Emphasising that intranets are not just about the bottom line, our final two tours showed how not-for-profit bodies are using DW platforms to promote collaboration and sharing across a geographically-dispersed network. Neil Morgan of WWF International showcased the ‘portal layer’ of the environmental organisation’s intranet, just days after its internal relaunch. With its emphasis on workspaces, implemented using Google Sites, and task-oriented tools and services, the site provides an information resource and communication platform to support the organisation’s campaigning and promotional activities. With some businesses using promotional items similar to brand named Custom Paper Plates, cups, bags, and other essential items as a way of reaching their consumers through direct marketing. Likewise, the Oxfam International intranet, demonstrated by Pilar Barroso, offers a collaborative space in which the organisation’s 15 affiliate NGOs can pool their expertise and make efficient use of shared resources to promote Oxfam’s many global initiatives. Tools available on the Drupal-based site include wiki pages, news blogs and a document library, with interactive videos explaining how these should be used.

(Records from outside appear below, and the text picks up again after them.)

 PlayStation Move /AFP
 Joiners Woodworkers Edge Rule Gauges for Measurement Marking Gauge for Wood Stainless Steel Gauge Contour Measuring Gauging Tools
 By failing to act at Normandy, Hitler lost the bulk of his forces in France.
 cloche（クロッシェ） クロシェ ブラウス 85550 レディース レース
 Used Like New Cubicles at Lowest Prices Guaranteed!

As is now customary at IBF 24, the final piece of business was to award the IBF prize for the ‘most beautiful intranet’ of the year. A total of 36 entries were submitted to the IBF 24 site. These were voted on by 1,396 site visitors to produce 10 finalists which our judging panel – comprising IBF managing director Helen Day, art critic Jane Singer and former BT intranet manager Mark Morrell ­– whittled down to a shortlist of three.

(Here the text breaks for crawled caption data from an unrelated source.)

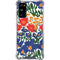 Bouffants and Broken Hearts Wild Garden 4 Galaxy S20 FE Clear Case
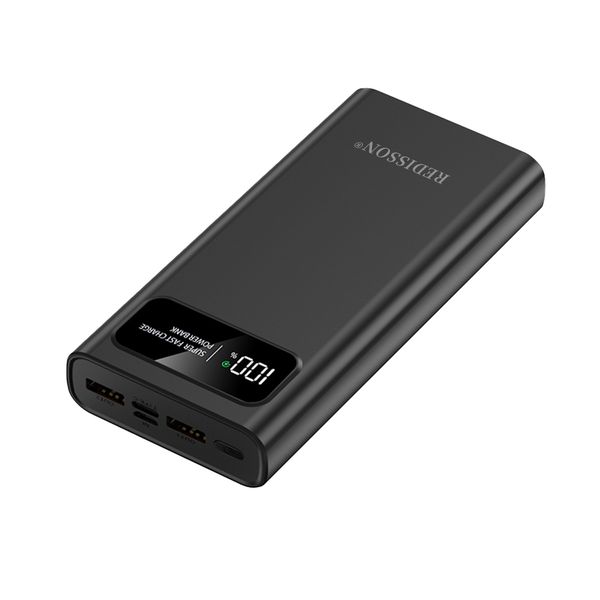 Redisson Power Bank 20000mAh battery 22.5W Fast Charging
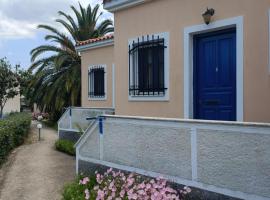 Anna Daniil Oasi Studios Skala Kallonis Lesvos, chalupa v destinaci Skala Kallonis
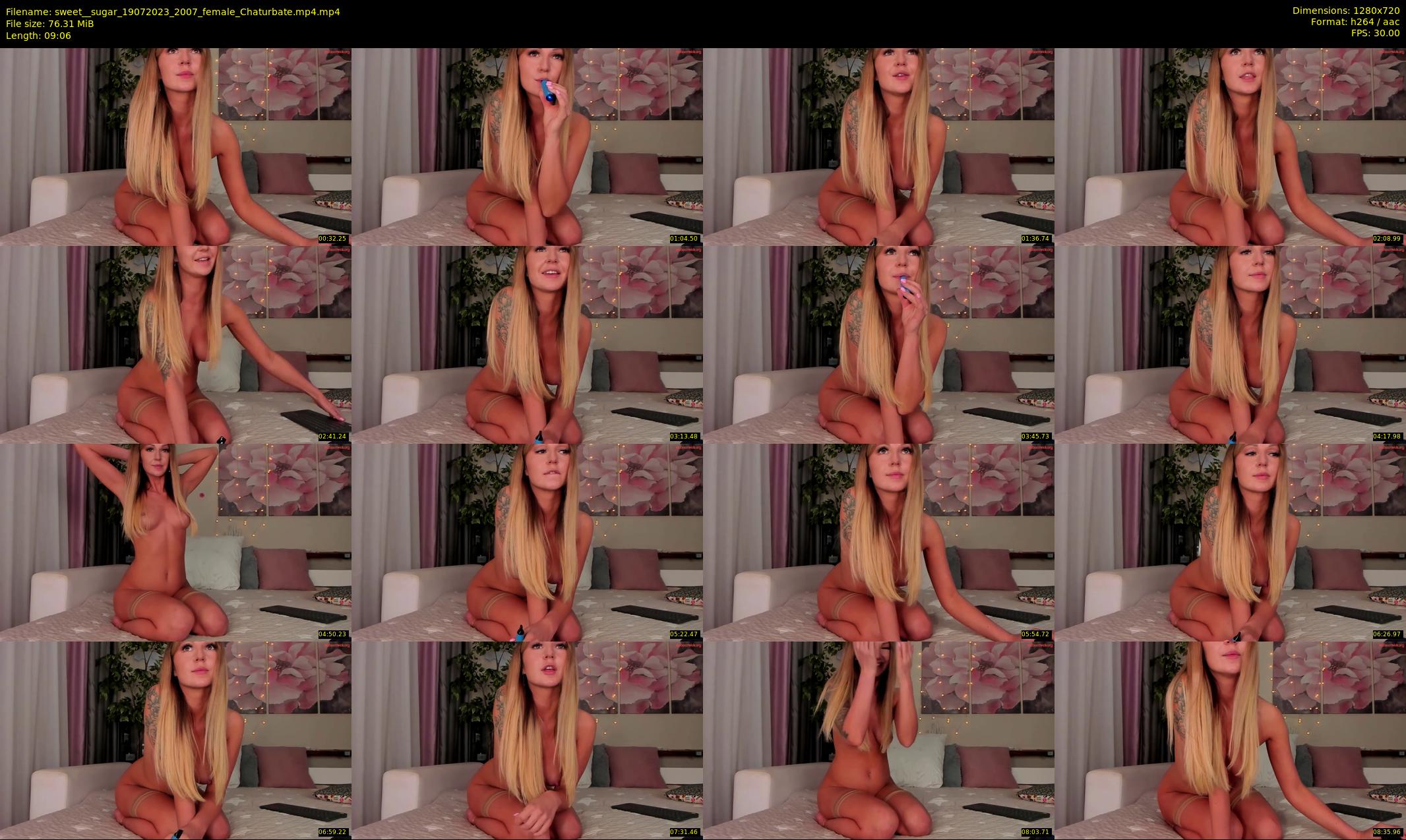sweet__sugar — 10 minute Chaturbate female cam show recording, 720p, Jul 19, 2023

In the event, the Government of British Columbia edged out Thomson Reuters and the European Space Agency to win the ‘My Beautiful Intranet’ crown. Judges were wowed by its imaginative use of colour and photography, which it combined with strong functional elements. Congratulations to Courtney Campbell and the BC team.

So that’s it – another IBF 24 successfully completed! It’s been exhausting (not least for the 8% of final-session attendees who claimed to have stayed up for the entire 24 hours). But from the positive feedback we’ve been getting both from delegates and on the Twittersphere, it’s clear that a lot of people have taken something from the event. Hopefully, seeing such a diverse range of intranets in action, and hearing from thought-leaders in this fast-moving field, will move forward debates on how the digital workplace should evolve from here.

It only remains to thank our presenters and the IBF production team for their extraordinary contribution to an extraordinary 24 hours.